Tax Breaks for Those with Recent Hurricane Damage

Tax Breaks for Those with Recent Hurricane Damage
Eileen St. Pierre, The Everyday Financial Planner

A friend of mine whose home suffered damage as a result of Hurricane Harvey recently asked me if there were any tax breaks to help her out. I thought I would share with you the information I passed on to her. Congress actually agreed on something and passed legislation at the end of September giving some tax relief to the victims of Hurricanes Harvey, Irma, and Maria.

Victims of these hurricanes can deduct most of their casualty losses even if they do not itemize.

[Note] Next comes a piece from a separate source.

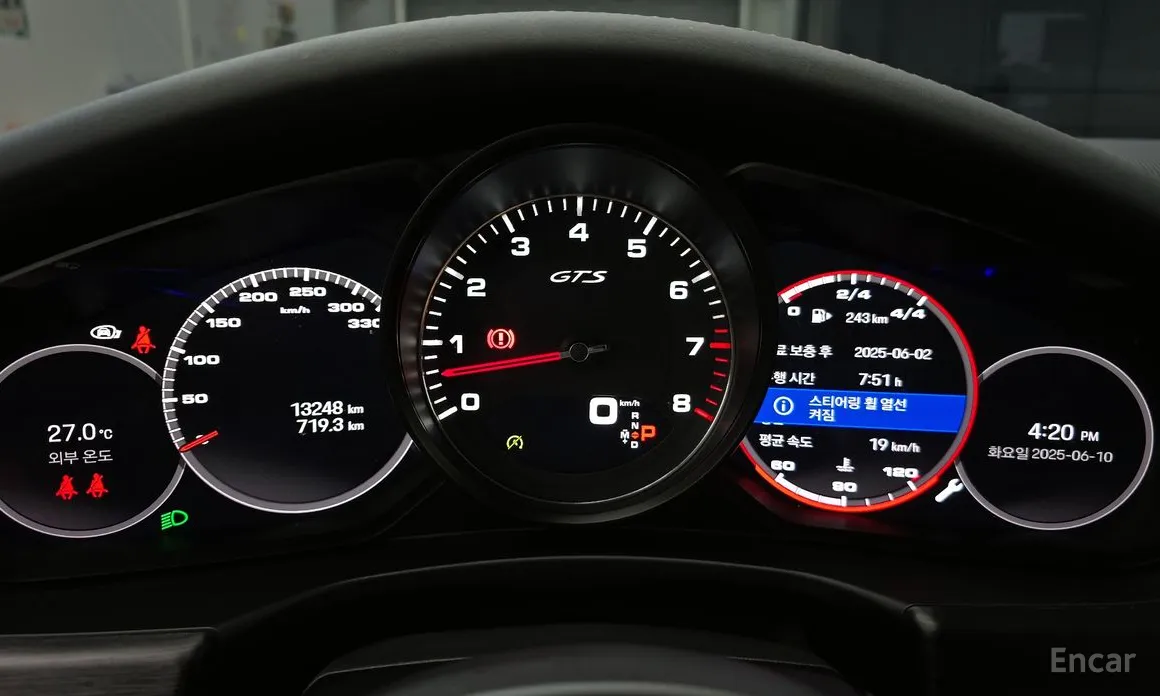 Фото 8 - Porsche Panamera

Normally, you had to do the following to deduct casualty losses:

  • First subtract out $100 per casualty.
  • Then you could only deduct net casualty losses that exceed 10% of your Adjusted Gross Income (AGI).
  • You needed to itemize your expenses on Schedule A. Those who took the standard deduction were not allowed to increase it.

With the new legislation,

  • You first need to subtract out $500 per casualty.
  • You can then deduct all of the net casualty loss if you suffered damage that was not covered by insurance in these hurricane zones.
  • If your net casualty loss exceeds the cost of the property plus improvements or adjustments, you can only deduct the cost of the property plus improvements.
  • If you do not itemize, you can add your losses to your standard deduction amount.
  • More information is contained in IRS Publication 584.

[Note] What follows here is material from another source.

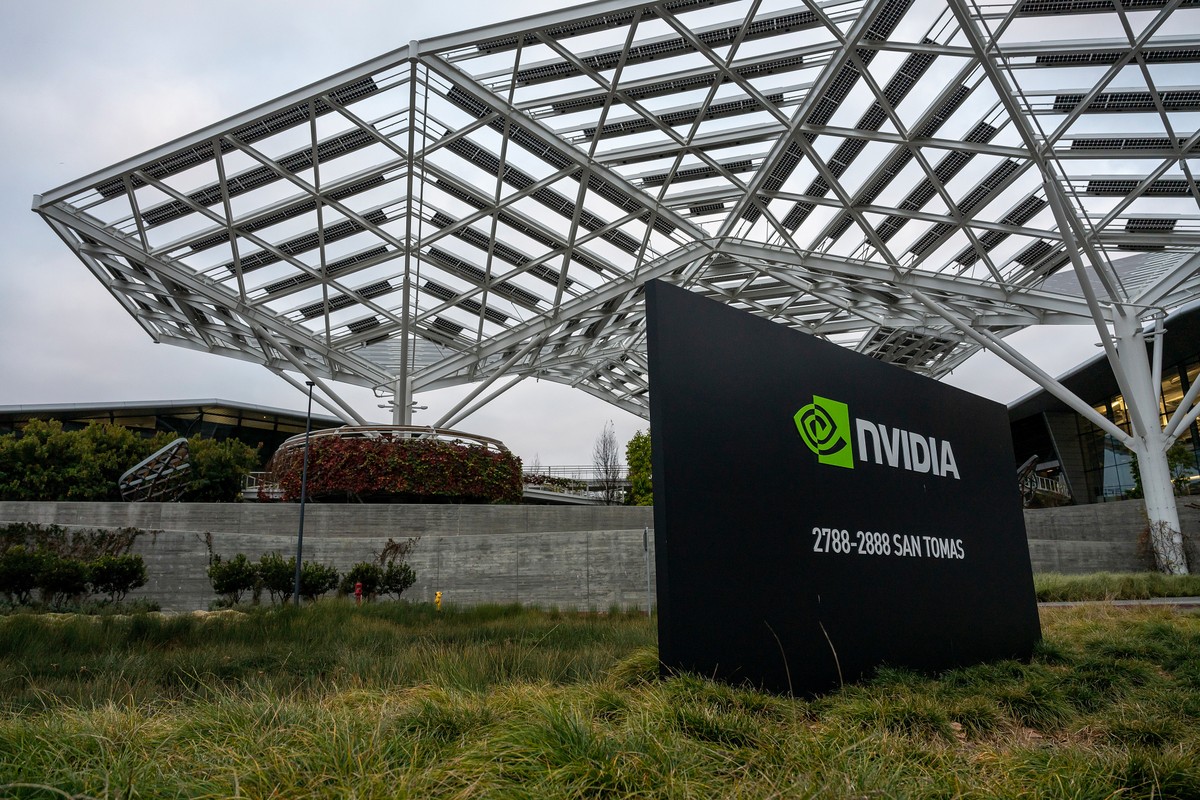 Nvidia projeta dobrar receita na América Latina no ano fiscal 2026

You can carry back the loss to 2016 to get your refund faster.

If you live in a federally-declared disaster area, you do not have to wait until you file your 2017 return to get a refund. You are allowed to file an amended return (IRS Form 1040X) for the year before the loss occurred. Just remember you cannot file an amended return electronically.

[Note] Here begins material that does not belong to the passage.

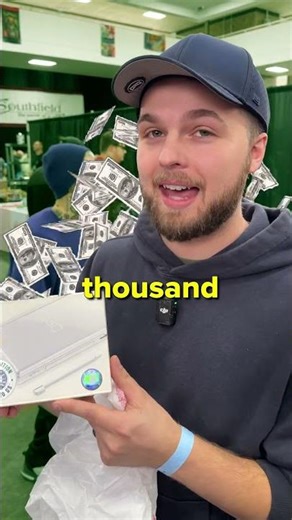 We Bought Nintendo's Secret Handheld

You can use your retirement funds without penalty to help pay for losses.

The 10% early withdrawal penalty is waived if you are a victim of Hurricanes Harvey, Irma, and Maria – normally you have to wait until age 59 ½ to withdraw without penalty. They also are allowing “greater flexibility” in borrowing from your retirement accounts so I would check with your retirement account provider on what this means in practical terms.

I do not recommend you use your retirement funds, whether it is a straight withdrawal or a loan, to pay for hurricane damages. This money is for your retirement. Having to pay back a 401(k) loan or replenish money you have withdrawn can really set your retirement funding plan back. For many, they were already behind to start with!